What you should do: From the data underneath, reproduce exactly the stretch that begins at the line with "Sala de casa" and ends after the line with "A8843 UNIVERSAL MOULDING FASTENERS FOR 1/2".

Extracted records:
******

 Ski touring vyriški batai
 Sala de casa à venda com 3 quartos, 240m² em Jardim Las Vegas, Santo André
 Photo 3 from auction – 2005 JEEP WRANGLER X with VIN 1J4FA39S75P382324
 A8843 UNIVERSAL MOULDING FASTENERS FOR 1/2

******

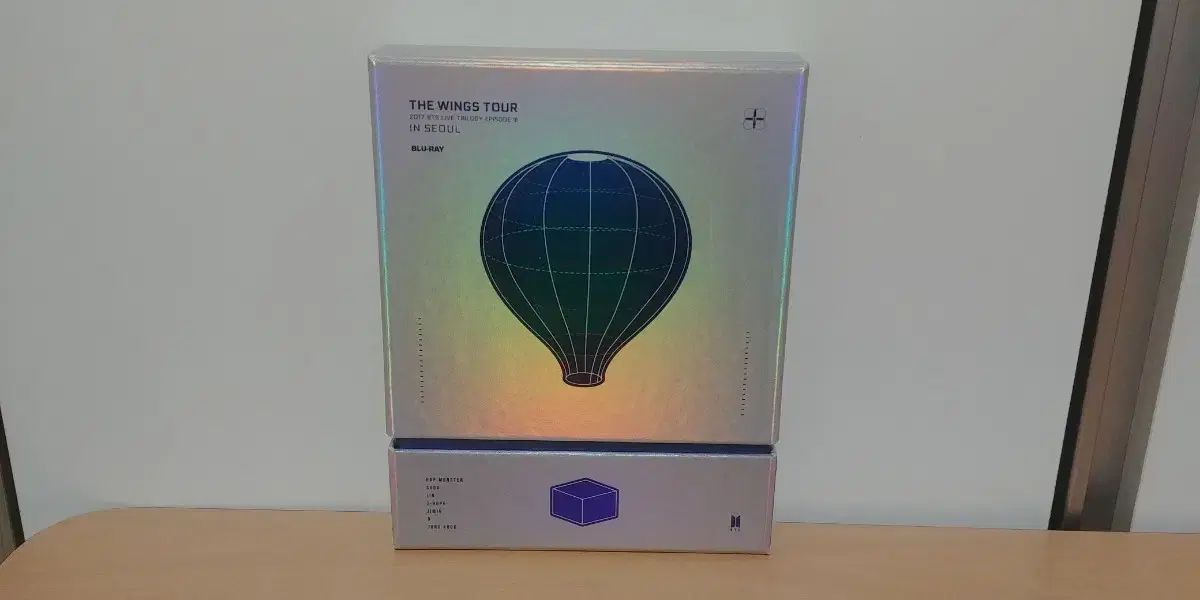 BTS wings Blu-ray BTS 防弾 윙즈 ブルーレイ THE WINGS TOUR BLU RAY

******

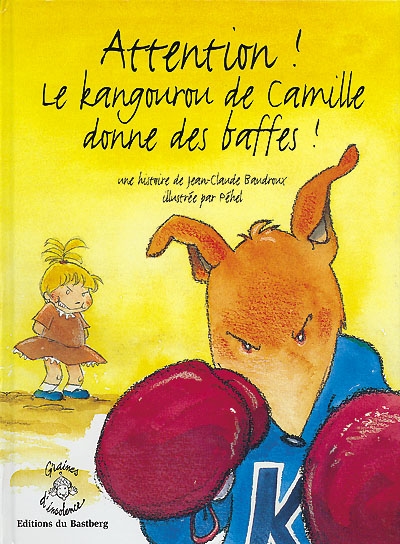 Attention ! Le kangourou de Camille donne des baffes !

******

Written reply:
 Sala de casa à venda com 3 quartos, 240m² em Jardim Las Vegas, Santo André
 Photo 3 from auction – 2005 JEEP WRANGLER X with VIN 1J4FA39S75P382324
 A8843 UNIVERSAL MOULDING FASTENERS FOR 1/2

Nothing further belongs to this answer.